Barbara Cameron

Personal information
- Nationality: Northern Irish
- Born: 16 April 1962 (age 64) Coalisland, Northern Ireland

Sport
- Sport: Lawn bowls
- Club: Ballymena BC

Medal record
Representing Northern Ireland
Women's lawn bowls
Commonwealth Games
| Bronze medal – third place | 2014 Glasgow | Women's pairs |
Representing combined Ireland
Atlantic Bowls Championships
| Gold medal – first place | 1993 Florida | pairs |
| Bronze medal – third place | 1995 Durban | pairs |
Irish Nationals
| Gold medal – first place | 2001 | singles |
| Gold medal – first place | 2022 | triples |

= Barbara Cameron (bowls) =

Bowls player from Northern Ireland

Barbara Mary Cameron (born 16 April 1962) is a Northern Irish international lawn bowler and bowls coach.

== Bowls career ==
=== International ===
In 1993, she won the pairs gold medal with Phillis Nolan at the inaugural Atlantic Bowls Championships. Two years later she won the pairs bronze medal at the Atlantic Championships.

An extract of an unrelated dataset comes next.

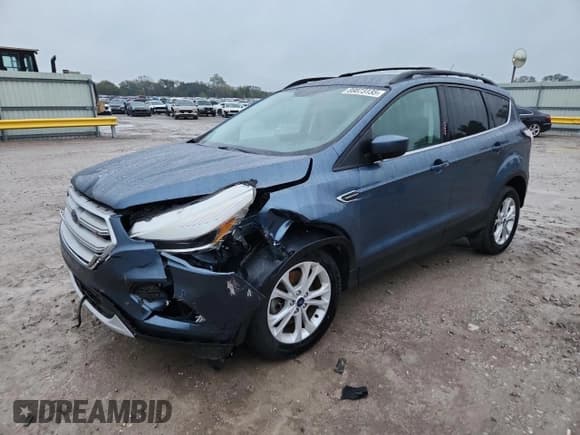 ✅ 2018 Ford Escape SE • VIN: 1FMCU9GD6JUA93269 • Lot: 89873135. Wystawiony na Copart z przebiegiem 53 930 mil. Bezpłatny archiwum sprzedaży aukcyjnych z USA i szczegółowy raport historii pojazdu na DreamBid. Zdjęcie 1.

She competed for Northern Ireland in the women's pairs event at the 2014 Commonwealth Games where she won a bronze medal.

=== National ===
In 2001, Cameron won the singles crown at the Irish National Bowls Championships, bowling for Ballymena BC. In 2022, she won the triples title. In 2016, Cameron won the final in the fours of the Provincial Towns Women's Bowling Association Championships.

== Coaching ==
Cameron was selected as a coach for the Northern Ireland team for the 2018 Commonwealth Games on the Gold Coast in Queensland.

Cameron was awarded the British Empire Medal (BEM) in the 2020 Birthday Honours for services to lawn bowls in Northern Ireland.